UPDATE: Oct 16, 2020: Eight community choice aggregators on Friday issued a request for offers (RFO) to procure as much as 500 MW of long-duration storage. The CCAs — which include Marin Clean Energy, Peninsula Clean Energy and Silicon Valley Clean Energy — are looking for resources with a minimum duration of eight hours, which can come online by 2026. The RFO will grow and diversify California’s storage portfolio, Jin Noh, California Energy Storage Alliance policy manager said in an email, adding that procuring those resources today would give the sector experience and familiarity with long-duration technologies as the need for them grows.
UPDATE: June 29, 2020: Two additional community choice aggregators, Pioneer Community Energy and Western Community Energy, have joined the request for information.

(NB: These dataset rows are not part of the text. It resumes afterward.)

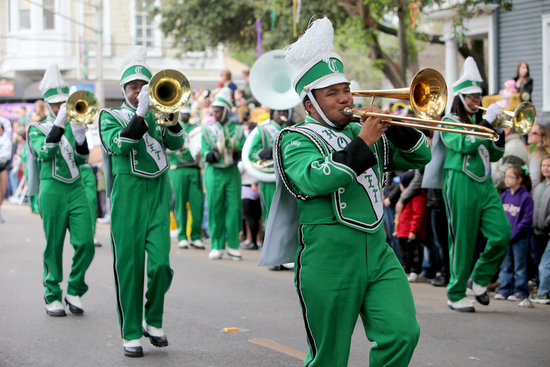 The Walter L. Cohen High School marching band performs during the Krewe of Mid-CIty parade in 2012. (UptownMessenger.com file photo by Sabree Hill)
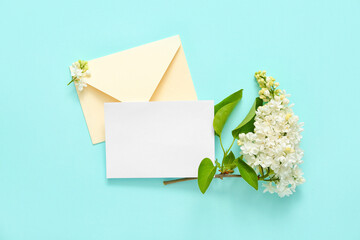 Envelope and blank card with lilac flowers on pale blue background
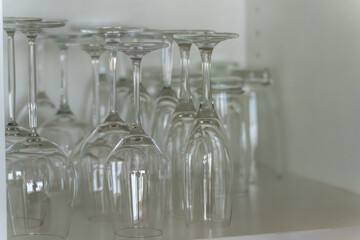 Several empty wine glasses stand upside down in a cabinet. The clear glass reflects the light.
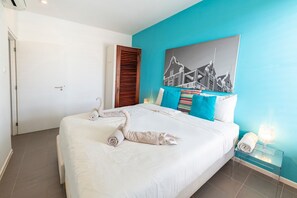 A hotel room with a bed, a painting on the wall, and a nightstand with a lamp. - Luxurious Apartment in Jan Thiel with Pool (Jan Thiel)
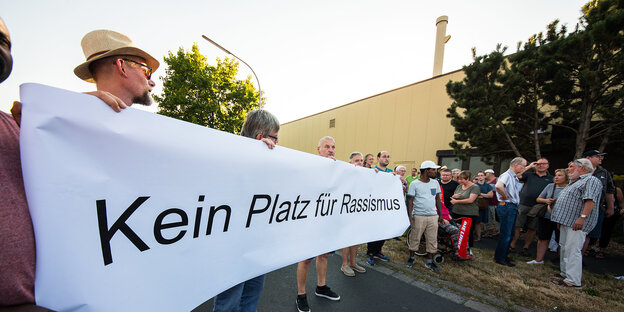 Mäner stehen in Wächtersbach hinter einem Banner mit der Aufschrift "Kein Platz für Rassismus"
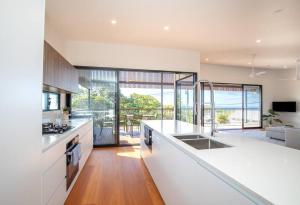 a kitchen with white countertops and a living room at Float on Cylinder - Ocean Views - Plunge Pool in Point Lookout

- A group of 11 community choice aggregators (CCA) in California last week issued a request for information (RFI) for storage technologies with a minimum duration of eight hours.
- The CCAs are looking at long-duration storage for long-term resource planning, according to the RFI. State regulators have found that meeting electric sector greenhouse gas reduction targets could require around 1 GW of long-duration storage in play by 2026.
- Depending on the responses to the RFI, some of the CCAs might launch a request for offers for long-duration storage, potentially as soon as this summer, CB Hall, senior power procurement manager at MCE, told Utility Dive. With the RFI, "we wanted to give the market a heads up that certain CCAs may be ready to move quicker than others," Hall said.
The California Public Utilities Commission (CPUC) approved a decision in April adopting a 46 million metric ton (MMT) greenhouse gas emission target for the electric sector by 2030 — while leaving the door open for a more rigorous 38 MMT goal — as well as the ideal resource mix to get to that point, including doubling current solar capacity, tripling battery storage, and adding in nearly 1 GW of either pumped hydro or some other kind of long-duration storage by 2026.
The RFI is a first step in identifying resources that could meet these needs. The 11 CCAs — which include MCE, the Clean Power Alliance of Southern California, CleanPowerSF and Silicon Valley Clean Energy — are open "to a wide variety of proposals," the request says.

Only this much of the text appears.